# THE DATA:
::::::
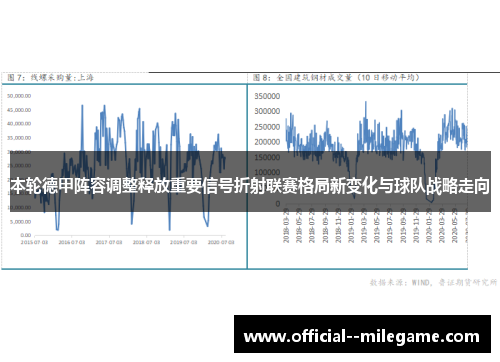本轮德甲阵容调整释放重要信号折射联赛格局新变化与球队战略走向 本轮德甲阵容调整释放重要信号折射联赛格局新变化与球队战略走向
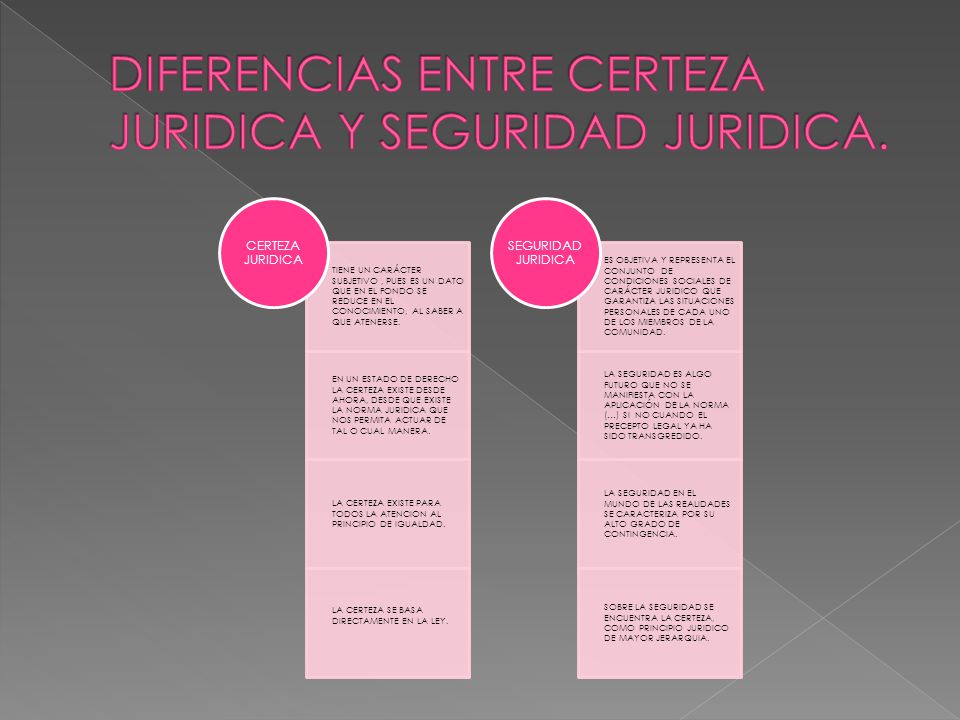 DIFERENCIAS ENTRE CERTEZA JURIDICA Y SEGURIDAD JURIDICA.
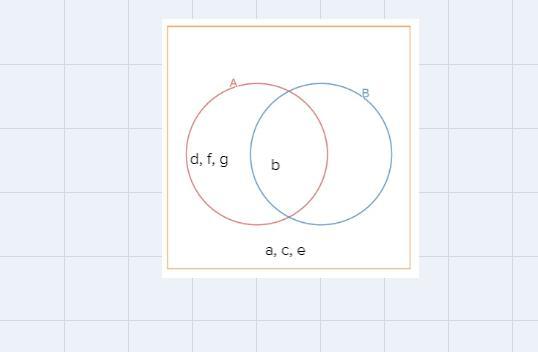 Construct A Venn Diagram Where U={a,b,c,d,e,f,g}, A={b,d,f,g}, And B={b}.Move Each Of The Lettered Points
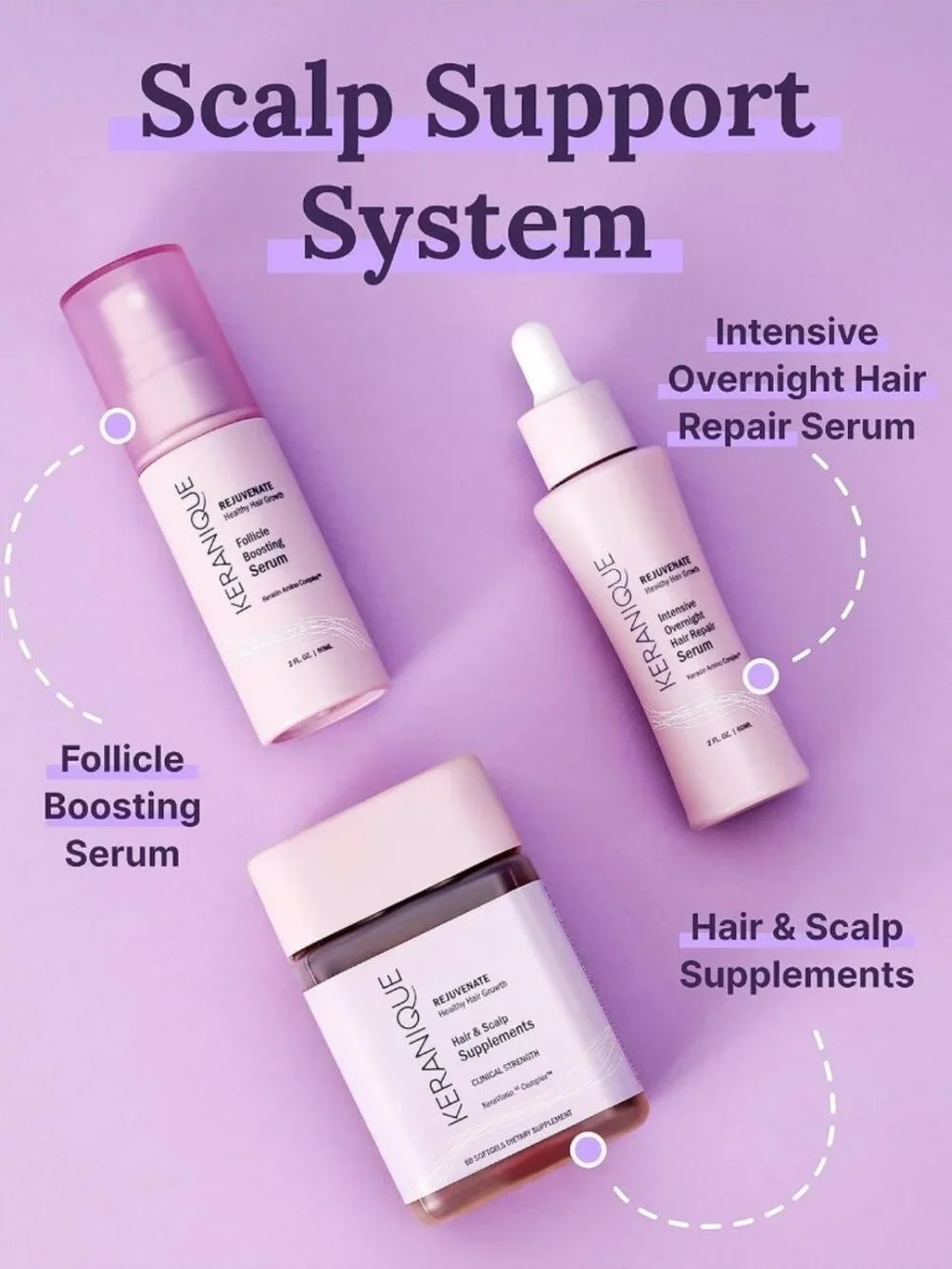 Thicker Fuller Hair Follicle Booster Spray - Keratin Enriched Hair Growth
::::::
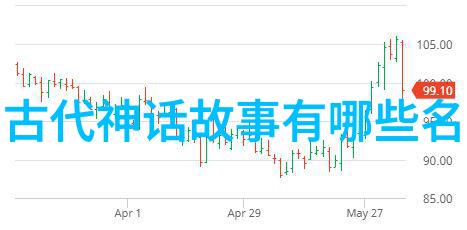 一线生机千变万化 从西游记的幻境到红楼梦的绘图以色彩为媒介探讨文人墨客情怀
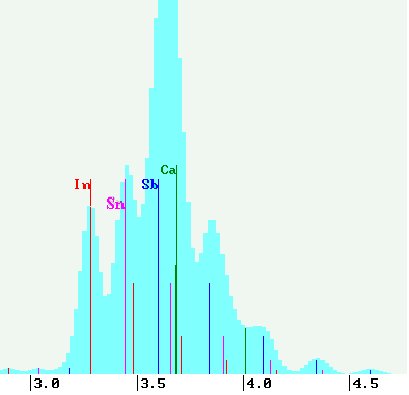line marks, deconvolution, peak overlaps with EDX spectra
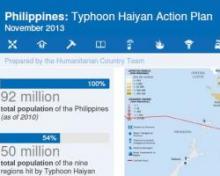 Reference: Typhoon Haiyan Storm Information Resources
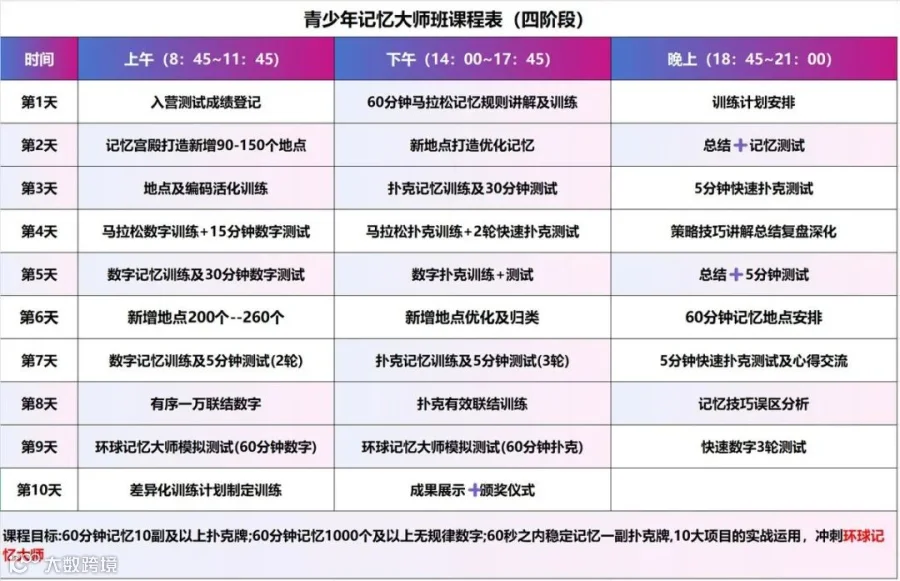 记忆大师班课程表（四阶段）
::::::
# EXERCISE AIM:
Go back to the listing above and reproduce, exactly, the stretch from the line bearing "line marks, deconvolution, peak" through the line bearing "记忆大师班课程表（四阶段）", without its pictures.

# FINISHED EXERCISE:
line marks, deconvolution, peak overlaps with EDX spectra
 Reference: Typhoon Haiyan Storm Information Resources
 记忆大师班课程表（四阶段）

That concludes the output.